State Lawmakers Study Gaming Expansion

By: Whitney Ray Email
By: Whitney Ray Email

It’s a classroom of sorts. The students, members of the Senate Committee on Gaming. The teachers, lobbyists for some of the largest casinos in the world. State lawmakers have promised to spend the year studying gaming, to avoid going all-in on an expansion without all the details.

Vice Chairman of the Senate Gaming Committee Maria Sachs says the issue needs to be explored in depth.

“We as a state need to make sure that we have thoroughly vetted it before we reach any decisions,” said Sachs.

Despite the small odds for gaming legislation this year, mega casino organizers and their opponents aren’t taking any chances. They’re here at the state capitol making their cases.

John Sowinski, President of No Casinos.org, isn’t taking anything for granted.

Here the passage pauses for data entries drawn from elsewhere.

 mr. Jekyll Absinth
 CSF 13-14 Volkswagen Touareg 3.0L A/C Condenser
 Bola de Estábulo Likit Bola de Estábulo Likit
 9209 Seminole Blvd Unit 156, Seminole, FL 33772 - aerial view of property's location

“You have to be on guard always. We have to vigilant always because if the other side sees and opportunity they will seize it,” said Sowinski.

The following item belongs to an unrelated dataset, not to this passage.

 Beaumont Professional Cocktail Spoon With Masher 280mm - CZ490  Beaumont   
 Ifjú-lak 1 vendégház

But it’s not just anti-gaming groups opposing an expansion. The Seminole Indians, which operated seven Florida casinos, are also in opposition. They worry new mega casinos would cut their profits.

And they have good reason to be afraid. Genting Malaysia, the largest casino corporation in the world, spent 300 million dollars for prime land in Miami. Now they just need the go ahead from state lawmakers to build this mega casino.

The Seminole Indian Tribe and state lawmakers reached an agreement in 2009, giving the tribe exclusive rights to Blackjack and other Vegas-style games. The deal expires in two years.